# 1991 1.8L 8v cylinder head torquing help!!!



## ihaveagli (Jan 7, 2003)

My coworker has haynes manuals and is very confusing. What is the proper cylinder head torque procedure and cylinder head bolts torque specifications for a *1991* 1.8 8v? His book is very vague. Also are the bolts torque to yield and new ones are needed or can they be reused. Thanks greatly!


_Modified by ihaveagli at 4:00 PM 1-22-2010_


----------



## epjetta (Sep 19, 2006)

*Re: 1991 1.8L 8v cylinder head torquing help!!! (ihaveagli)*

they are torque to yeild. but many people have reused them with no issues including myself. 1st step 33lb/ft, 2nd step 44lb/ft. for the third and fourth step you turn them 90degrees each time.


----------



## TheMajic86GTI (Aug 9, 2009)

*Re: 1991 1.8L 8v cylinder head torquing help!!! (ihaveagli)*


_Quote, originally posted by *ihaveagli* »_ His book is very vague. 

Ive got the Haynes book in front of me...Nothing vague about it..explains it perfectly...Maybe u guys are over analyzing it.

_Quote, originally posted by *ihaveagli* »_Also are the bolts torque to yield and new ones are needed or can they be reused. Thanks greatly!

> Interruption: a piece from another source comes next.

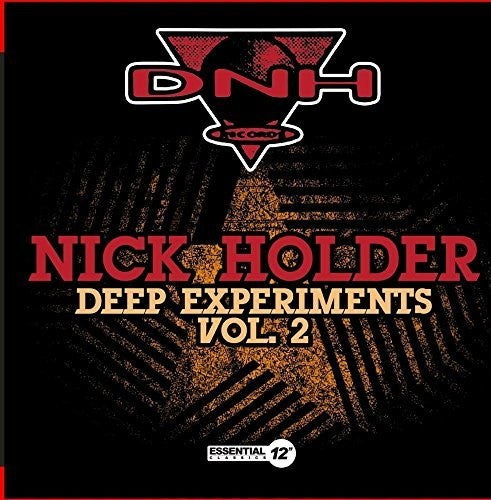 the album cover for Nick Holder - Deep Experiments, Vol. 2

Oh no here we go again...Yes they are torque to yield...But if ur in a hurry and on budget u can reuse them as long as its a stock or mild stock motor...If u got the extra $25 and bolts are readily available then go for it..

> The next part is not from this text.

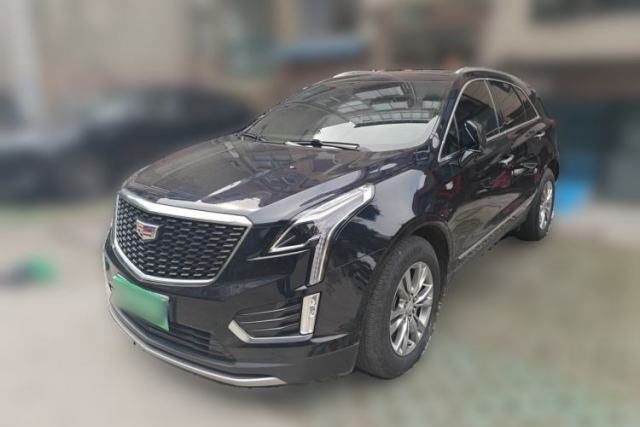 Used Cadillac XT5 2021 2.0T Four-Wheel Drive Luxury Version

_Quote, originally posted by *ihaveagli* »_What is the proper cylinder head torque procedure and cylinder head bolts torque specifications for a *1991* 1.8 8v? 

step 1. 33 ft lbs
step 2. 44 ft lbs
step 3. tighten an additional 1/2 turn
Bolt tightening procedure
10 4 2 6 8
7 5 1 3 9
This coming straight outa the haynes... http://****************.com/smile/emthup.gif


----------



## TheMajic86GTI (Aug 9, 2009)

*Re: 1991 1.8L 8v cylinder head torquing help!!! (epjetta)*


_Quote, originally posted by *epjetta* »_they are torque to yeild. but many people have reused them with no issues including myself. 1st step 33lb/ft, 2nd step 44lb/ft. for the third and fourth step you turn them 90degrees each time.

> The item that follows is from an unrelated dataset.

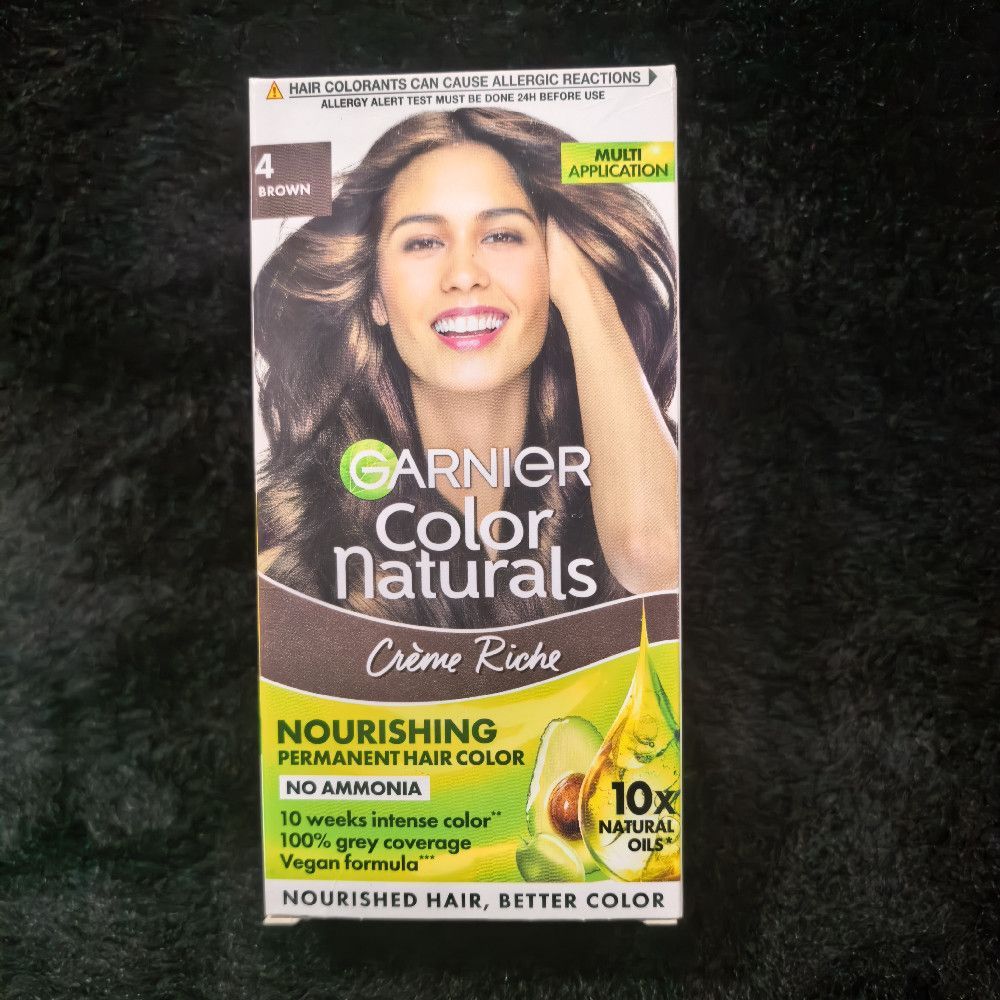 Garnier Color Naturals Crème Riche Hair Color 4 Brown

Hahaha....u beat me to it epjetta..


----------



## ihaveagli (Jan 7, 2003)

*Re: 1991 1.8L 8v cylinder head torquing help!!! (TheMajic86GTI)*

Thanks guys, this is just what my coworker was telling me.
Is there just 3 steps or 4? I.E. one additional 90 degree turns or two times at 90 degree turns?


----------